A salvação são os “terceiros”. Há que ter um terceiro na cabeça e na realidade. Amantes ou estimulantes trabalhos, são terceiros cogitados com certa freqüência.
Mas, para um casal, o melhor terceiro costuma ser um filho, que permite realizar a estimulante triangulação. Este pode ser uma legítima motivação para a adoção.
Segundo Di. Loreto (1997), “a adoção em si é um fator neutro, inócuo. Não há patologia nem patogenia intrínseca à adoção. Nem pelo lado da criança, nem pelo lado dos pais que adotam”.
Quem for competente para ser boa mãe e bom pai, o será para o filho adotado ou natural, indiferentemente. Podem aparecer dificuldades, mas prevalecerão sempre os traços de personalidade mais profundos, estáveis e verdadeiros.
Quanto à criança, não se pode negar que existe um rompimento psíquico, um desenraizamento, que, em uma família com boa estrutura emocional, poderá ser superado como em qualquer luto normal de qualquer perda.
É uma perda. Comporta luto, reparação e substituição.

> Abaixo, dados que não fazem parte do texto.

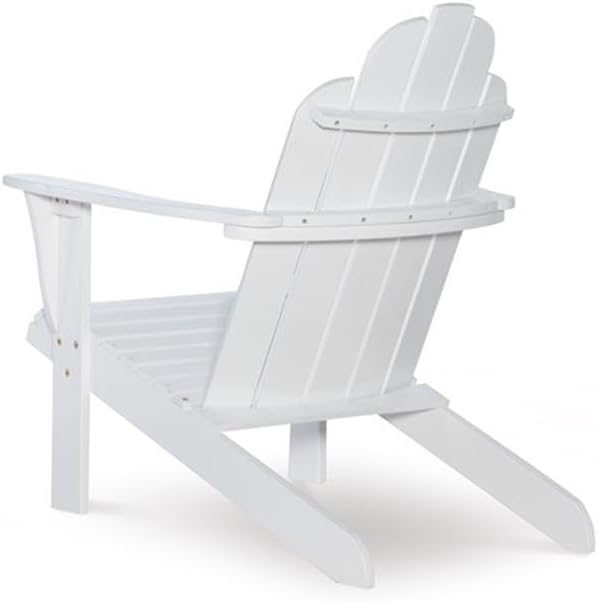 Linon White Adirondack Chair, 30.4" wx37.6 dx37.8 h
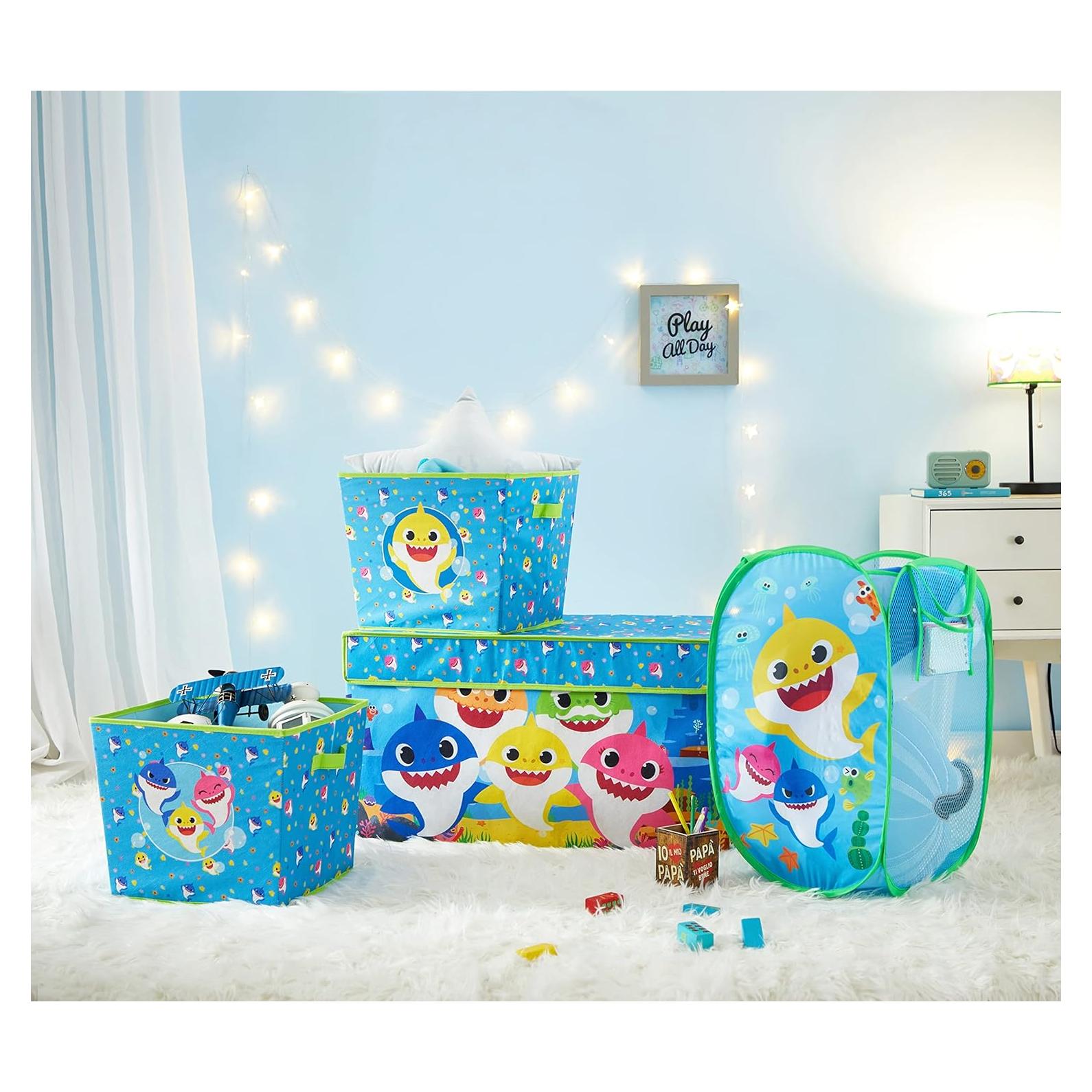 Set de Almacenamiento Baby Shark 4 Piezas Idea Nuova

Como em toda família, espera-se que o casal, constitua um sistema capaz de dar continência aos seus membros, incluindo aí os filhos adotados.
Segundo o Prof. Di Loretto. (opus cit.), esse sistema torna-se funcional, quando segue determinadas estruturas. Trata-se de uma tetralogia, que ele considera básica para a formação de uma família dentro “dos padrões de funcionalidade”:
1) Função materna – prazerosa e fluente, isto é, com disponibilidade. Não há necessidade de êxtases amorosos, basta ser “suficientemente boa”.
2) Função paterna – firme e sólida. A “Lei do Pai” tem para as crianças, um efeito tranqüilizante. Basta a instalação de um sentido de : “nesta casa tem lei, tem usos e costumes, tem instâncias de arbítrio, autocráticas ou democráticas, mas tem.”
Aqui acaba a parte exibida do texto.